*** Begin section ***
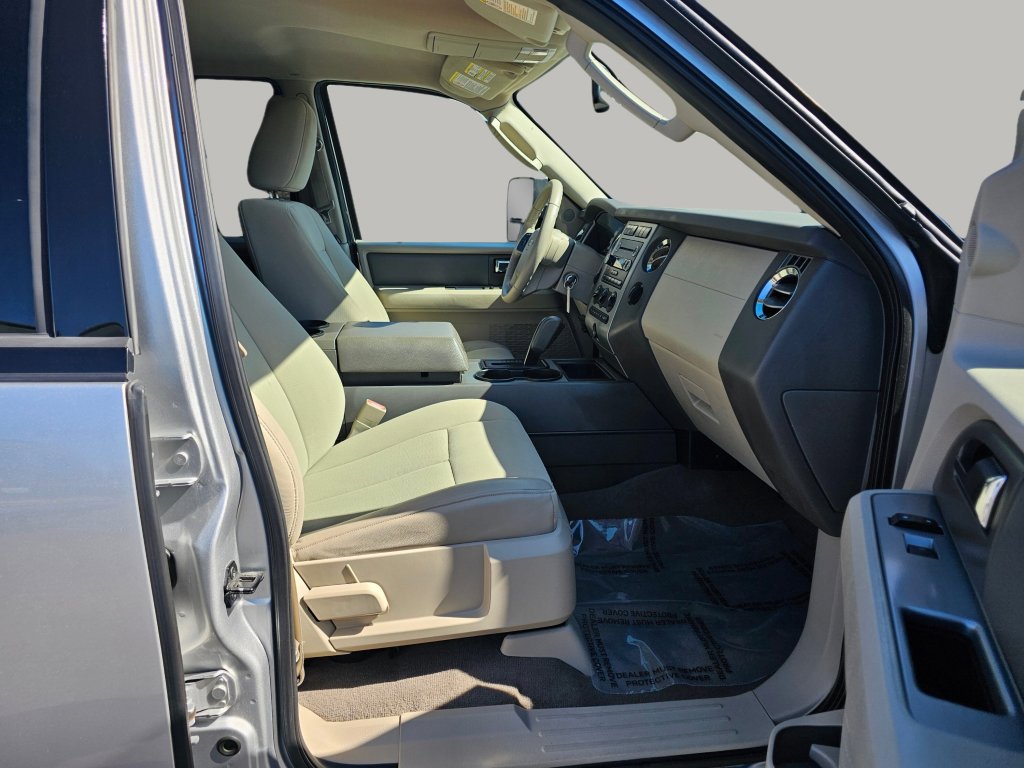 Used 2014 Ford Expedition EL XL image 23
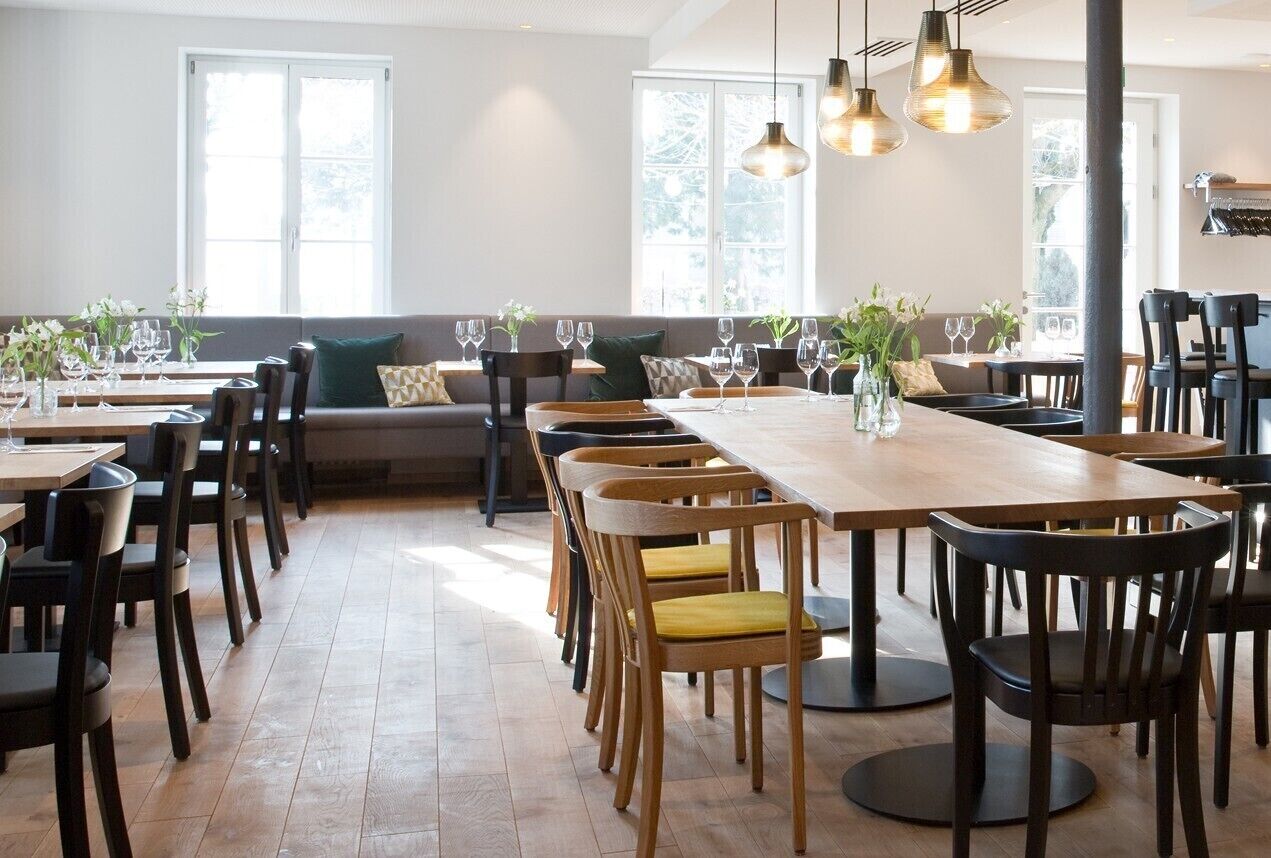 Lunch and dinner served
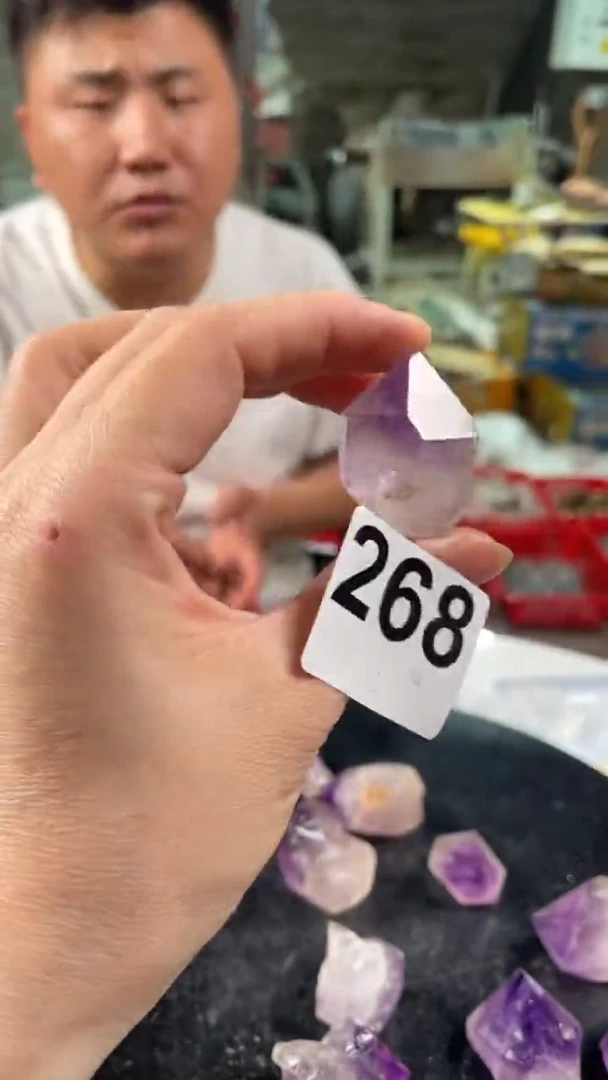 未镶嵌水晶大型摆件（非配饰）紫骨干 多样性发其一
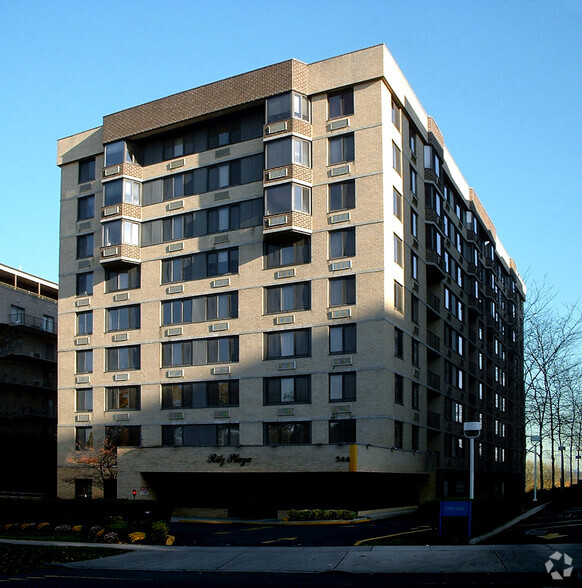 344 Prospect Ave, Hackensack, NJ for sale - Primary Photo - Image 1 of 1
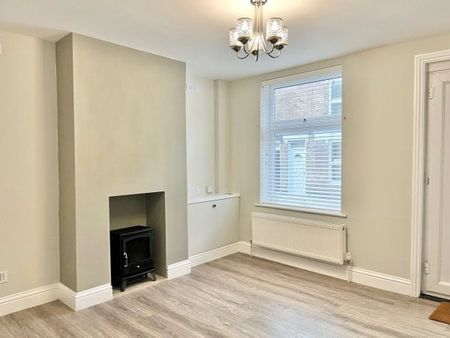 Bishops Road, Bury St Edmunds IP33 1TQ - Photo 2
*** End section ***
• What you should do:
Give every line above again exactly, with no pictures.

• Solved problem:
 Used 2014 Ford Expedition EL XL image 23
 Lunch and dinner served
 未镶嵌水晶大型摆件（非配饰）紫骨干 多样性发其一
 344 Prospect Ave, Hackensack, NJ for sale - Primary Photo - Image 1 of 1
 Bishops Road, Bury St Edmunds IP33 1TQ - Photo 2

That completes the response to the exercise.